**EXERCISE REQUIREMENTS**
Skip the pictures. Output only the lines below starting at the line with "cropped-Guardianes-de-la-Luz-Logo.png" and ending at the line with "能打乱节奏 能打乱节奏", both ends included, exactly as they are.

**DATA**
***

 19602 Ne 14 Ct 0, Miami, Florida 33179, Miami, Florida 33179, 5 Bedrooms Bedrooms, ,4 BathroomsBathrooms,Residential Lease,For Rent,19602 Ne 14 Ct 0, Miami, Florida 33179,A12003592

***

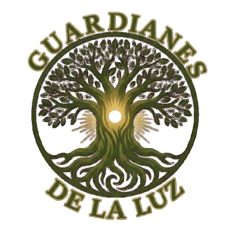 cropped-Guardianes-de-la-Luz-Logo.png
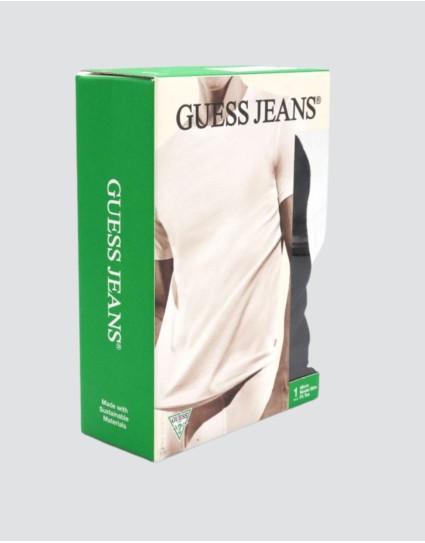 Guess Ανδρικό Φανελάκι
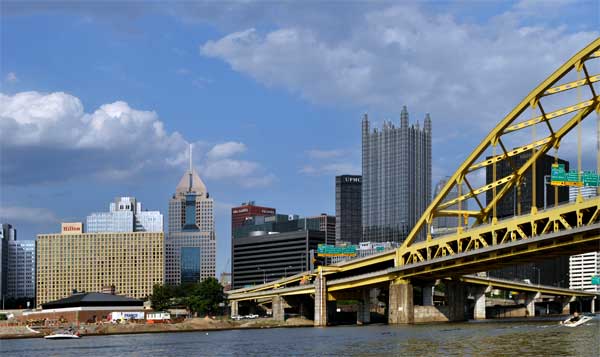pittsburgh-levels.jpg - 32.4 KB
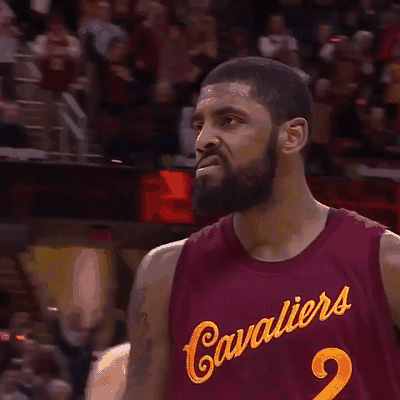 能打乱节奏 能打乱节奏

***

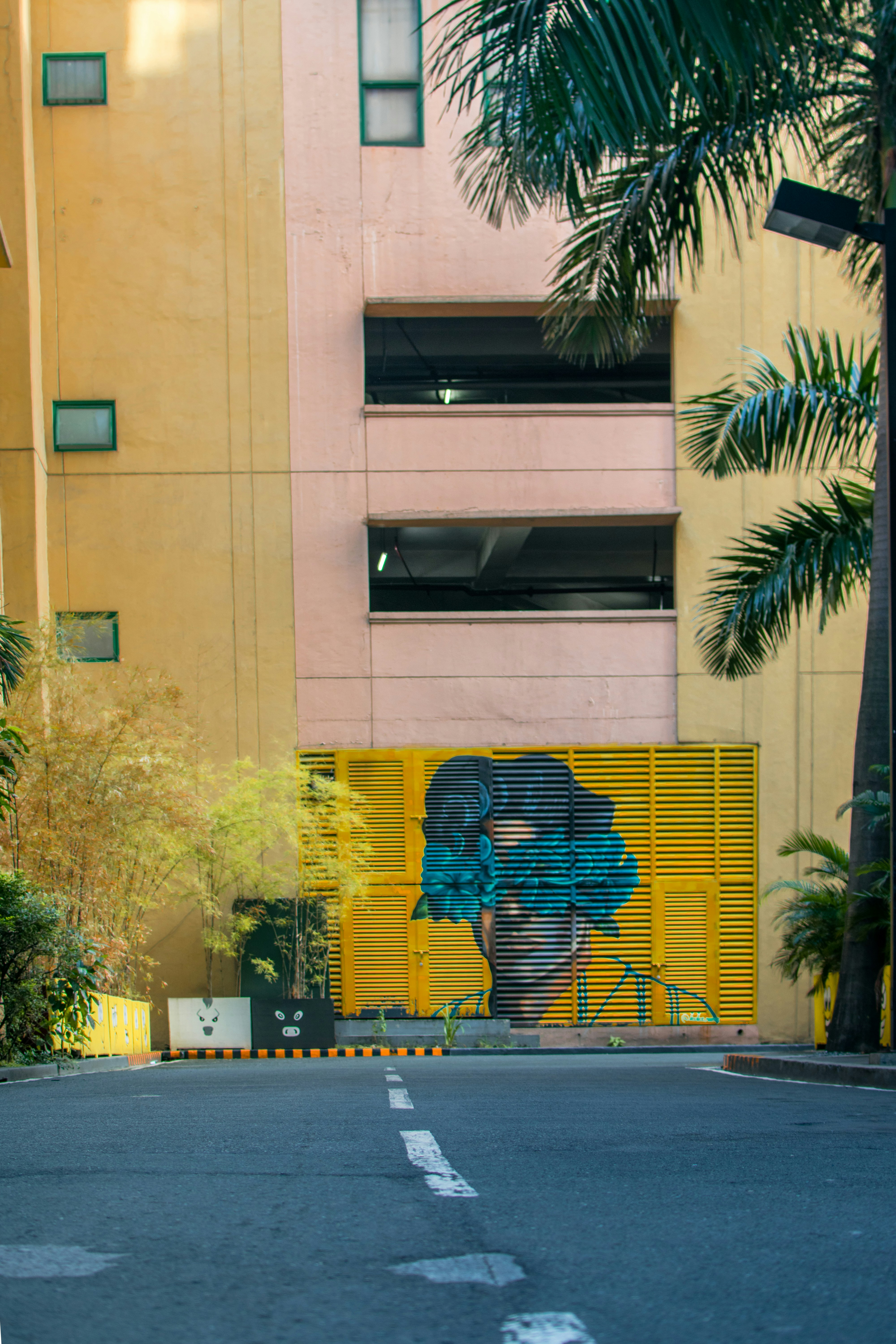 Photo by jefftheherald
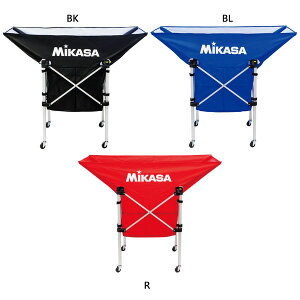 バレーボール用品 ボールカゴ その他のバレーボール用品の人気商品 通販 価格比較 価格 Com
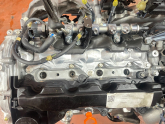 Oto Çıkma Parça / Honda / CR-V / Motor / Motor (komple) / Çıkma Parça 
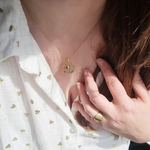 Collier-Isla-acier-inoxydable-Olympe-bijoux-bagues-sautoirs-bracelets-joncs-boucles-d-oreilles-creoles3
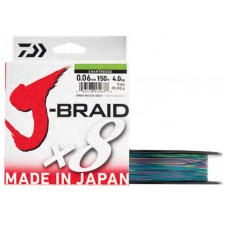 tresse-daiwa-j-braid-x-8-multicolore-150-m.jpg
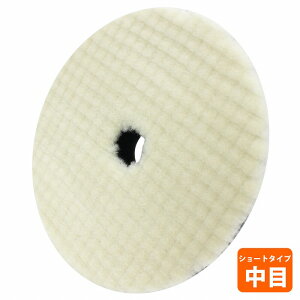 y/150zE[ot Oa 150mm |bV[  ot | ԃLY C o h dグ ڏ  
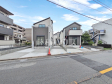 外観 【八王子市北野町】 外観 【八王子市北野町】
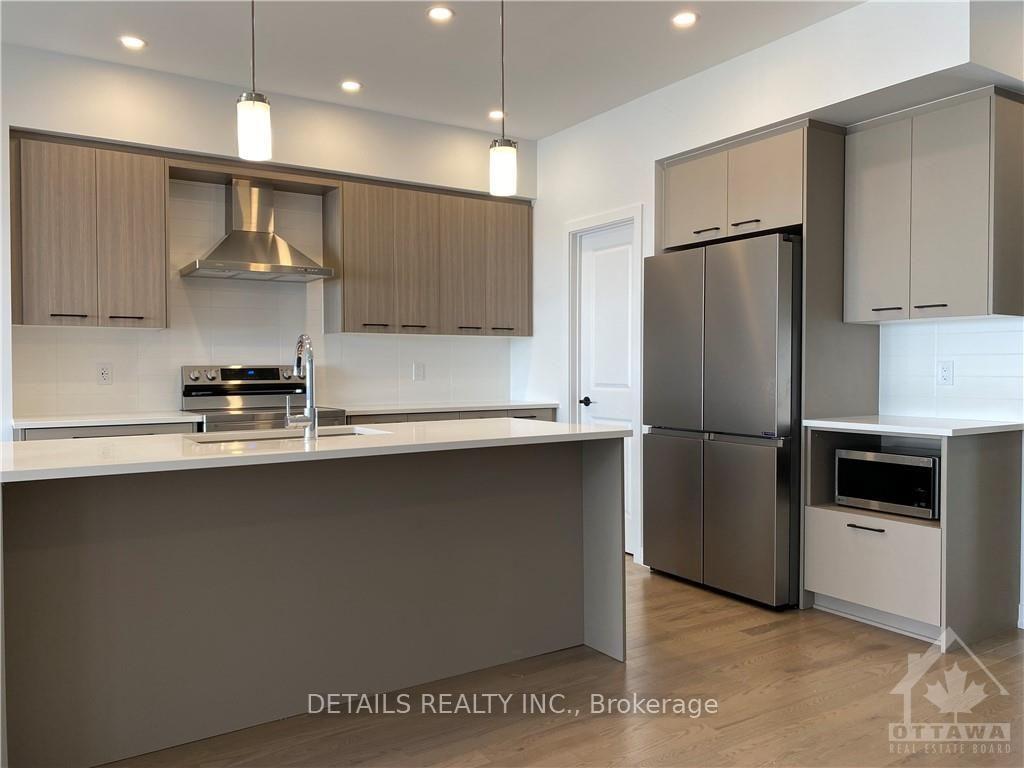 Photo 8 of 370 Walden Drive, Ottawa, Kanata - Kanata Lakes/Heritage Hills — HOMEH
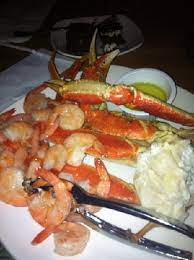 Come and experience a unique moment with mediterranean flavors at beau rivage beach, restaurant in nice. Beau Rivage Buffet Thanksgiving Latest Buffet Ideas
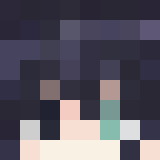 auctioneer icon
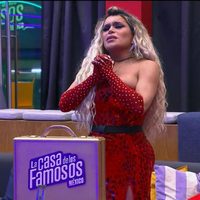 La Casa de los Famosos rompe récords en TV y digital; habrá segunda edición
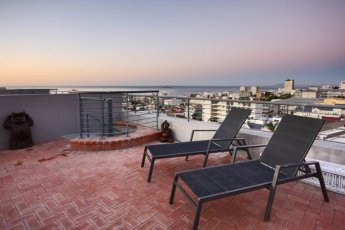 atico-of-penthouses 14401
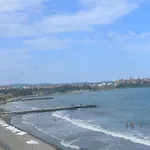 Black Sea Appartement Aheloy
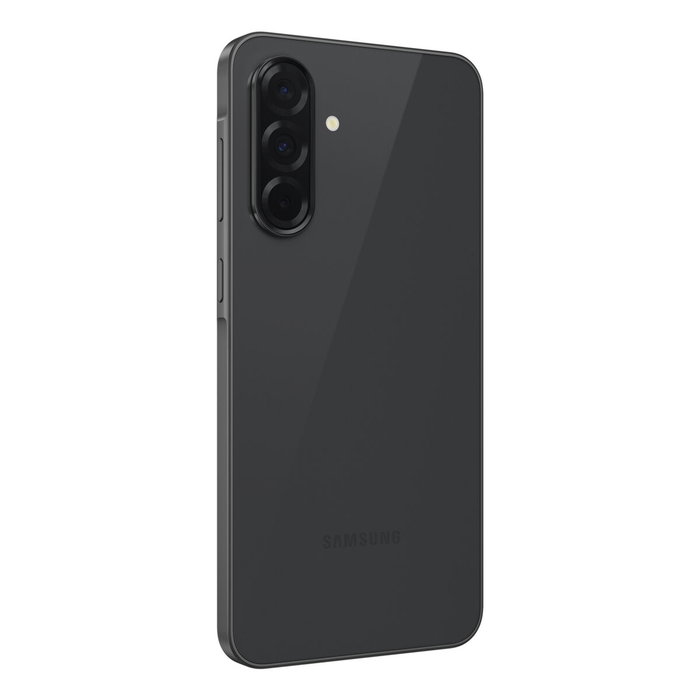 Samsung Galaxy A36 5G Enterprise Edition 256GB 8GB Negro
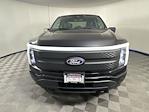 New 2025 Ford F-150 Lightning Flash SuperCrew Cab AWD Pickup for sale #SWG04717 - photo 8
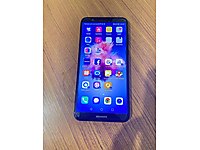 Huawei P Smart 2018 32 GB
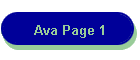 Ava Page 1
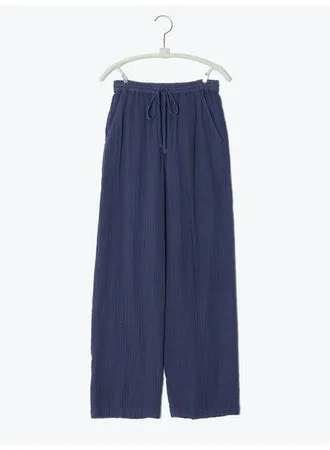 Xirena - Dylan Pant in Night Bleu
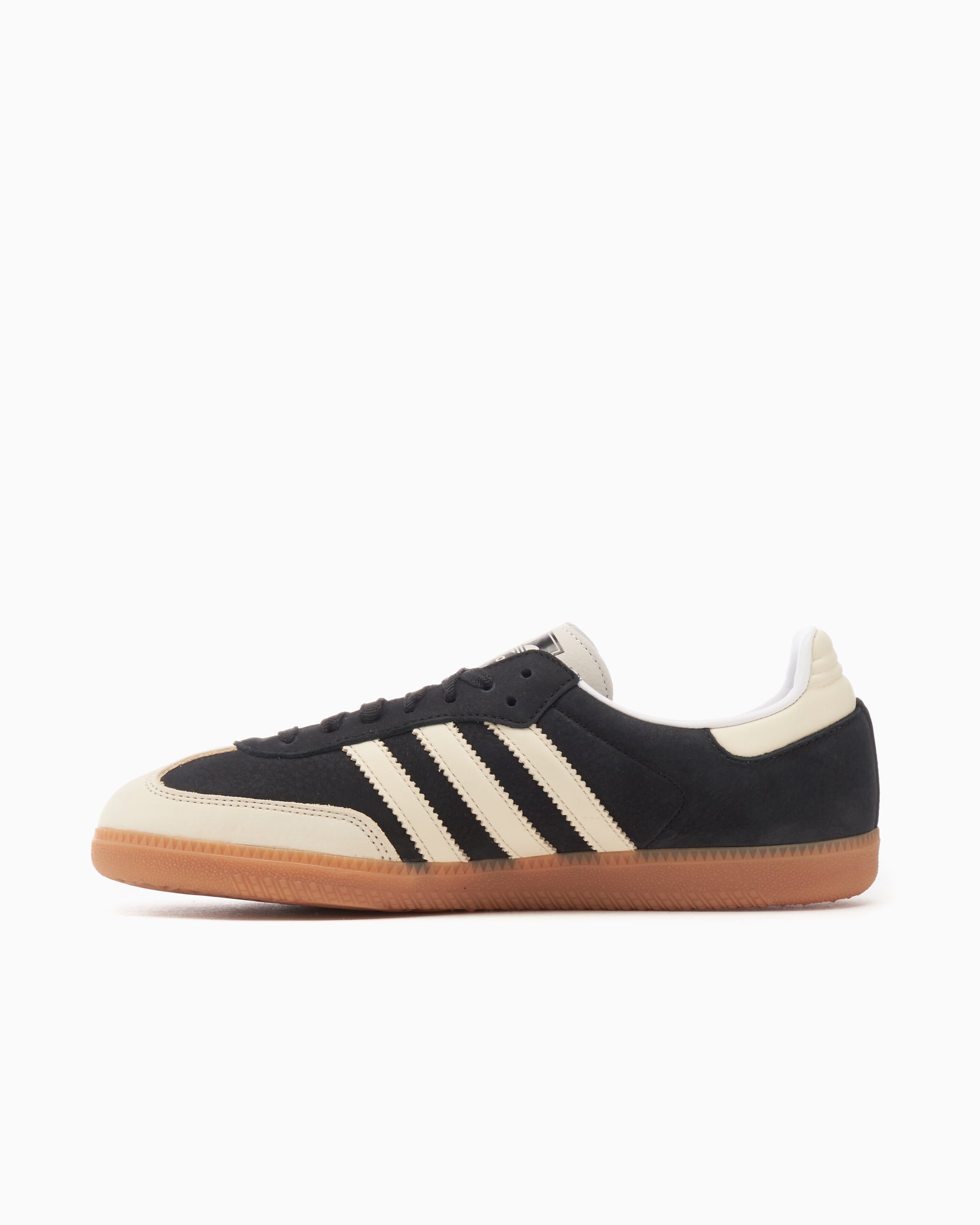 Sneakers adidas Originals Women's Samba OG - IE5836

***

**RESPONSE**
 cropped-Guardianes-de-la-Luz-Logo.png
 Guess Ανδρικό Φανελάκι
pittsburgh-levels.jpg - 32.4 KB
 能打乱节奏 能打乱节奏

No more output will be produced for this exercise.